Blocking VRK2 suppresses pulmonary adenocarcinoma progression via ERK1/2/AKT signal pathway by targeting miR-145-5p.

Objective The incidence of pulmonary adenocarcinoma locates first in all the malignant tumors in the world. At present, there are many diagnostic methods for pulmonary adenocarcinoma, but there are a few methods that are mature or have ideal application prospects. We aim to explore the role of VRK2 in the occurrence and development of pulmonary adenocarcinoma and its possible regulatory mechanism. Patients and methods Western blot and qRT-PCR were performed to assess the expression of VRK2. Flow cytometry, Western blot, and Caspase-3 colorimetric assay Kit were used to evaluate the apoptosis level. The proliferation, migration, and invasion ability were measured via cell cycle assay, wound healing, and transwell invasion assay. Luciferase assay verified the relationship between VRK2 and miR-145-5p.

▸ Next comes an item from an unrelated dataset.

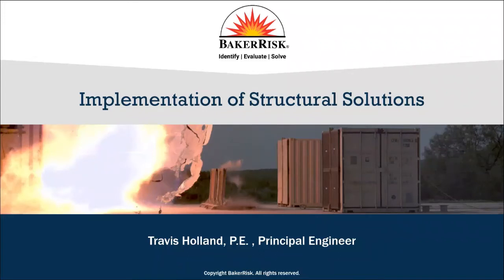My name is Travis Holland. I'm a structural engineer at Baker Risk. We have a 35-year history of partnering with our clients to manage hazards and risk through high-value services, products, and research. I want to touch on one way we manage hazards — the implementation of building solutions — and how our structural engineers move past building design to manage risk mitigation efforts for our clients.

The effect of FGD5-AS1 on tumorigenesis of glioma was detected by the xenograft nude mice model. Results VRK2 was significantly increased in tumor tissues and cell lines. Loss of VRK2 promoted apoptosis level and inhibited the proliferation, migration, and invasion in A549 cells via regulating the ERK1/2/AKT signal pathway. Luciferase assay reported that VRK2 could bind with miR-145-5p. The level of miR-145-5p was negatively correlated with the expression of VRK2 and involved in VRK2 regulating tumor progression. The tumor growth assay showed that the silencing of VRK2 inhibited tumorigenesis with the inactivating ERK1/2/AKT pathway. Conclusions Knockdown of VRK2 inhibited the development of pulmonary adenocarcinoma via regulating the ERK1/2/AKT signal pathway by targeting miR-145-5p, which providing some novel experimental basis for clinical treatment of pulmonary adenocarcinoma.